At Twitter we are developing a system that continuously performs automated tuning of services running in our Mesos clusters, using a machine learning technique called Bayesian optimization. This technique allows us to efficiently search very large parameter spaces to optimize specific performance metrics. We describe our system and share initial results.

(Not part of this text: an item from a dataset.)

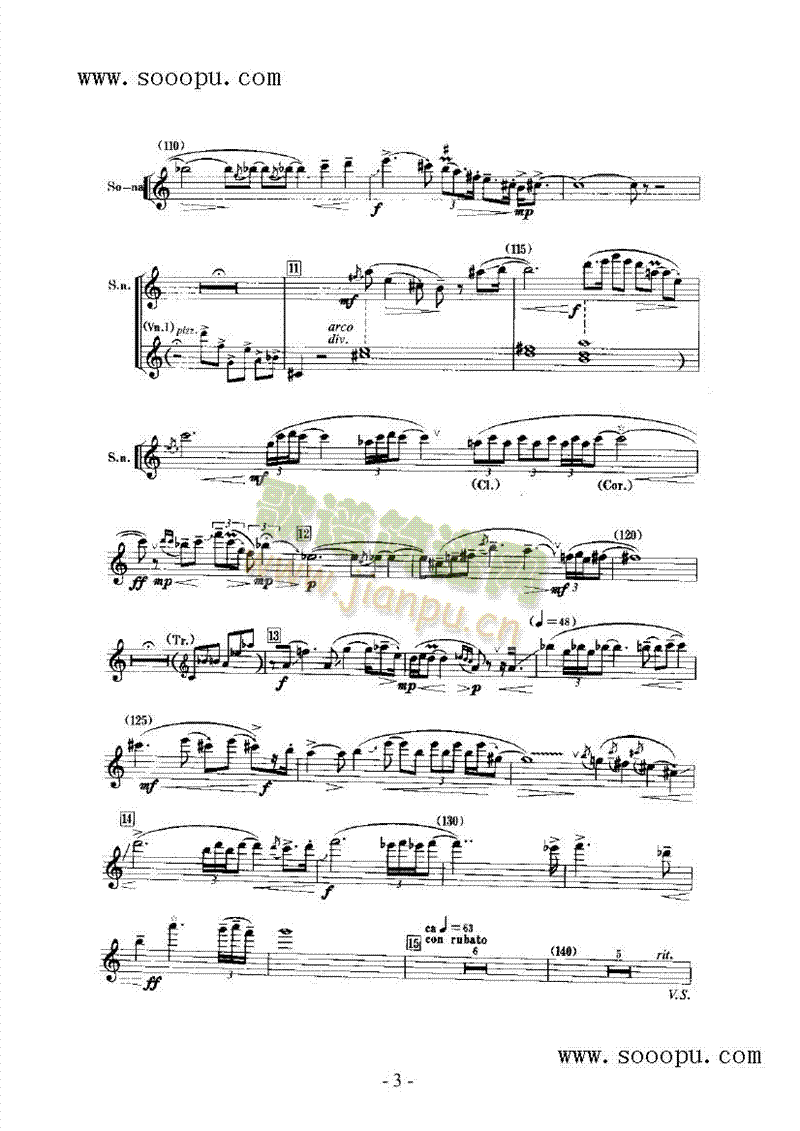 天乐 民乐类 唢呐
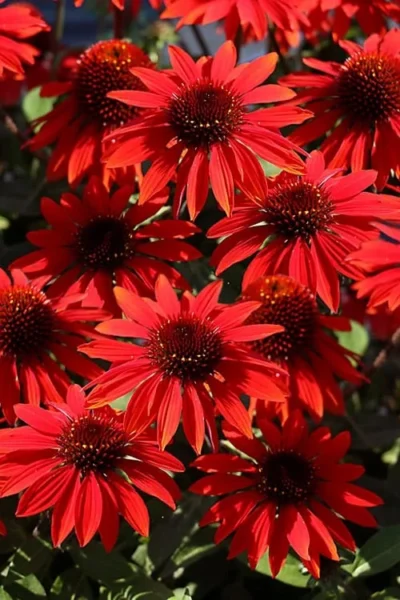 Panama Red Coneflower (Echinacea) - 5 Pack Of Quart Pots -Chaste Tree World echinacea panama red coneflower 2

Joshua Cohen is a Senior Software Engineer at Twitter on the VM Team, working on performance optimization of JVM services. He is also a committer and PMC member for the Apache Aurora project where he has focused on deploy tooling and filesystem isolation. Previously, amongst other places, he has worked at Flickr on notifications infrastructure and the image processing pipeline.
Staff Software Engineer
San Francisco, CA
Ramki Ramakrishna is a staff software engineer in the Infrastructure Engineering Division of Twitter. He is a member of the JVM Platform team and of the Twitter Architecture Group. Ramki has worked with several generations of the JVM, at Sun and Oracle, before Twitter. He has been a committer and reviewer for the HotSpot group in OpenJDK. His principal contributions have been in the areas of performance analysis, tuning and adaptive optimization, parallel and concurrent garbage collection, and the synchronization infrastructure within the JVM. Before joining industry, Ramki worked at SUNY Stony Brook, the Tata Institute of Fundamental Research in India, and Aalborg University in Denmark, dividing time between teaching and research into the formal verification of concurrent systems, using process algebras, temporal logics and automatic theorem-proving. Ramki holds a Ph.D. in Electrical and Computer Engineering from the University of California at Santa Barbara, and a B.Tech. in Electrical Engineering from IIT Kanpur in India.